Consent: If we process your personal data based on your consent, we retain the data for as long as you have not withdrawn your consent.

Legal Obligations: If we are legally required to retain your personal data, we will do so for as long as required by that legal obligation. For example, in accordance with the Swedish Accounting Act, we keep any information found within invoices for a ten-year period. Similarly, job application data is stored for two years in compliance with the Swedish Discrimination Act.

Job Applicants: If you apply for a job with us, we typically retain your personal data for a reasonable period of time after the recruitment process ends, either to fulfil legal obligations, to keep you informed about future employment opportunities, or to establish, exercise, or defend legal claims, unless you ask us to remove your personal data from our system.

Please note that in some circumstances, we may anonymize your personal data (so that it can no longer be associated with you) for research or statistical purposes, in which case we may use this information indefinitely without further notice to you.

At the end of the retention period, we will securely delete or destroy your personal data in accordance with applicable laws and regulations. If you have any questions about our data retention practices, please contact us using the contact information provided in this Privacy Policy.

 

CCTV

We use CCTV on our premises during out-of-office hours when our alarm system is active. The primary purposes of our CCTV system are to deter and detect crime, prevent and detect sabotage, and ensure the safety and security of our premises.

The CCTV cameras are triggered by our alarm system and are only operational when the alarm is on. The footage captured by our CCTV system is monitored live by a trusted third-party security company. We only process live recordings and do not record sound. Our CCTV system does not record video footage. This means we do not store or archive any video data captured by the CCTV system.

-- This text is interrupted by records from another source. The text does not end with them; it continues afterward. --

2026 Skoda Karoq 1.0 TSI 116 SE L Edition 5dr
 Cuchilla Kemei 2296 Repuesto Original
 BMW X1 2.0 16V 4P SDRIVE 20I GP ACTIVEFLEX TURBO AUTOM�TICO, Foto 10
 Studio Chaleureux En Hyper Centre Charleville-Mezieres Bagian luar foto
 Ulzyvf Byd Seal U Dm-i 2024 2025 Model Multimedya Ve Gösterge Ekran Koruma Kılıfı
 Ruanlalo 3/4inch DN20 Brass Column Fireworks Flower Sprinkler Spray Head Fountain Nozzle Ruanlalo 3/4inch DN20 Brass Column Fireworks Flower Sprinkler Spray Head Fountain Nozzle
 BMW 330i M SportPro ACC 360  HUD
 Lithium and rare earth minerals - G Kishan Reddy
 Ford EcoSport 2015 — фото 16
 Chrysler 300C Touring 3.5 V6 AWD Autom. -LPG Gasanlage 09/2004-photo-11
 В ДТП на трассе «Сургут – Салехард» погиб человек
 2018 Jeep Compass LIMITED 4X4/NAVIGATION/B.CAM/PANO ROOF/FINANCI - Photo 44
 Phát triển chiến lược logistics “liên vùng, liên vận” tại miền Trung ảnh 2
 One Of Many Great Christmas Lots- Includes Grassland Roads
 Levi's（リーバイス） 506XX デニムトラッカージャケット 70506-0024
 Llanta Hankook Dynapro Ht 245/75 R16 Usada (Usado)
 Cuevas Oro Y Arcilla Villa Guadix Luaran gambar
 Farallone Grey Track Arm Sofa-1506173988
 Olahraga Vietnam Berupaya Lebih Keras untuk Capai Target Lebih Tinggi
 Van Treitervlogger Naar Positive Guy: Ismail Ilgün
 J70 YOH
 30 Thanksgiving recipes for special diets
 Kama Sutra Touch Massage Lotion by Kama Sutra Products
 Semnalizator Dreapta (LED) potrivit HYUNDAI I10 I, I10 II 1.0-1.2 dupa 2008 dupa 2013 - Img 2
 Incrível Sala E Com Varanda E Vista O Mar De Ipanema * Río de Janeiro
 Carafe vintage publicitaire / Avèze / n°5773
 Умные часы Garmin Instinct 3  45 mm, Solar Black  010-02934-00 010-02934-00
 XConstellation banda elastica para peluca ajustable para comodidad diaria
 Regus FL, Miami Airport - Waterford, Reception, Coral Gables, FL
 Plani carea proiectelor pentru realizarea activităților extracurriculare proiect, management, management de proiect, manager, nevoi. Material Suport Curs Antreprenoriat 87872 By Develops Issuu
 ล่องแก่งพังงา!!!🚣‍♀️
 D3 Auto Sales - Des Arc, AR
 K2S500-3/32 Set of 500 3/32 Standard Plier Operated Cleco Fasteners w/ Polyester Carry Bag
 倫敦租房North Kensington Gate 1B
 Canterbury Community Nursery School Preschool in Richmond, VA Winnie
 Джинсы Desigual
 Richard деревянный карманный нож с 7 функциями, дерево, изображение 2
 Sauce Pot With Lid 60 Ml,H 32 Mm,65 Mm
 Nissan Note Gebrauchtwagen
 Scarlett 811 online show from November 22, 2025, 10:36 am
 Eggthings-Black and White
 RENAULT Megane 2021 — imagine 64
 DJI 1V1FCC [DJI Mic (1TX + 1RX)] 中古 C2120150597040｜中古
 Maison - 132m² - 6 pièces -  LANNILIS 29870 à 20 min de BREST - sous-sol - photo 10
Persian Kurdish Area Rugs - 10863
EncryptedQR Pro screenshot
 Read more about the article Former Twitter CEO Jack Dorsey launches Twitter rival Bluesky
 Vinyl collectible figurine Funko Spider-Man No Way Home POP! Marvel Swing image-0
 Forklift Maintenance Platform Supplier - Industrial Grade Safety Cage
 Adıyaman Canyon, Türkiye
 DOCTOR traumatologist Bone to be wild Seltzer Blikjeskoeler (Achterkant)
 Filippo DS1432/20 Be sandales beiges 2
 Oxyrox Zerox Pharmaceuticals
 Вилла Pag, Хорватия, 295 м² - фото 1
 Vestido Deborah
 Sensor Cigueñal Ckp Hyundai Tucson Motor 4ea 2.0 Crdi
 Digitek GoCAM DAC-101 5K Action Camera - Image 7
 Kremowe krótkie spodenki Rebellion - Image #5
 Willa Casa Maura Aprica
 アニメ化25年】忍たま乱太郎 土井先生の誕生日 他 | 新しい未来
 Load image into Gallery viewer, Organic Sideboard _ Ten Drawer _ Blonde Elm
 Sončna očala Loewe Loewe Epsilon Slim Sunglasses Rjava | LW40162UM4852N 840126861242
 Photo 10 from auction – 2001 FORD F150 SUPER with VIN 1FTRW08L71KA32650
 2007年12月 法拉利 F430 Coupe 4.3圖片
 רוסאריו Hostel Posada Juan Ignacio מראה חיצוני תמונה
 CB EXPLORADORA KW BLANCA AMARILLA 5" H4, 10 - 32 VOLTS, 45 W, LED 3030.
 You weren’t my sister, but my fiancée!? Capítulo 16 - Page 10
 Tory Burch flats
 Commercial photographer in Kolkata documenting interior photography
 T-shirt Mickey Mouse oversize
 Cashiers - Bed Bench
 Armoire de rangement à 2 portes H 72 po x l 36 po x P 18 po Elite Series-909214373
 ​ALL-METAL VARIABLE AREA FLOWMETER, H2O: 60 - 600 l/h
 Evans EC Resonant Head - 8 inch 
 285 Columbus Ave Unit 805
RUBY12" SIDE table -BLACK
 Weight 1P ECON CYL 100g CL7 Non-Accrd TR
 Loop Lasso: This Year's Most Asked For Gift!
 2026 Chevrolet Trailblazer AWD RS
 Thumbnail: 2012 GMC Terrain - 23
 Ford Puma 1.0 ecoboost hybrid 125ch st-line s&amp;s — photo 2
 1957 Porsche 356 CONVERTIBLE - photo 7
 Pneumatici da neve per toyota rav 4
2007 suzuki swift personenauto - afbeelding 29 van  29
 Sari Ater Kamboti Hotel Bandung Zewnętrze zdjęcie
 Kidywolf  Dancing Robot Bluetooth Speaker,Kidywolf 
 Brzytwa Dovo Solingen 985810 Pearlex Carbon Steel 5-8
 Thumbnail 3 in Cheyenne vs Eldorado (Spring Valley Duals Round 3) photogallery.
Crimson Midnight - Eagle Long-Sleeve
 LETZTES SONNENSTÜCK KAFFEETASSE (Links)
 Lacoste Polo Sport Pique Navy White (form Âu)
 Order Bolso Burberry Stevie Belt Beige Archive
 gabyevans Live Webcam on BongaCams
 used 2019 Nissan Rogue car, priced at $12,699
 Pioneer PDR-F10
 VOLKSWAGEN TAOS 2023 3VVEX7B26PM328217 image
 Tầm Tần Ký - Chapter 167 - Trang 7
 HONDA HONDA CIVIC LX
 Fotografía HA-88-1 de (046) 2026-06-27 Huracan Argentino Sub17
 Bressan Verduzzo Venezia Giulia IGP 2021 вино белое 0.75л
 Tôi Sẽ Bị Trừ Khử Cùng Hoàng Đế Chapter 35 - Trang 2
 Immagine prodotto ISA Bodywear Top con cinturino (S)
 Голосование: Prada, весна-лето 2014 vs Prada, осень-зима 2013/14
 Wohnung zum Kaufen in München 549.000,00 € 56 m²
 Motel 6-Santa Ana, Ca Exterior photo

We share the live CCTV footage with our third-party security company for real-time surveillance. This company is contractually obliged to handle the data in a secure and confidential manner, and to use it solely for the purpose of providing security services to us.

We have carefully considered and balanced the legitimate benefits of the CCTV system (crime prevention, security of premises) against potential privacy intrusions. The use of CCTV is strictly limited to areas where a higher level of security is necessary.

We provide clear and visible signage at our premises to inform visitors that CCTV surveillance is in operation.

You may have certain rights in relation to the CCTV footage, such as the right to object to the surveillance. However, given that we do not record or store CCTV footage, we are generally unable to provide copies of the footage or otherwise fulfil most data subject requests concerning the CCTV data. If you have any questions or concerns about our CCTV system, please contact us using the contact information provided below.

 

Contact Us

If you have any questions or concerns about our privacy practices or this Privacy Policy, please contact us at:

Candela Technology AB
Frihamnsgatan 25
115 56 Stockholm, Sweden
Phone: +46 10 130 08 10
E-mail: dataprotection@candela.com

If you have objections to our processing of your personal data, you may file a complaint with the Swedish Authority for Privacy Protection (Sw. Integritetsskyddsmyndigheten). More information on how to file a complaint is available here.

We may update this Privacy Policy from time to time to reflect changes in our privacy practices. We encourage you to review this Privacy Policy periodically to stay informed about our collection, use, and disclosure of personal data.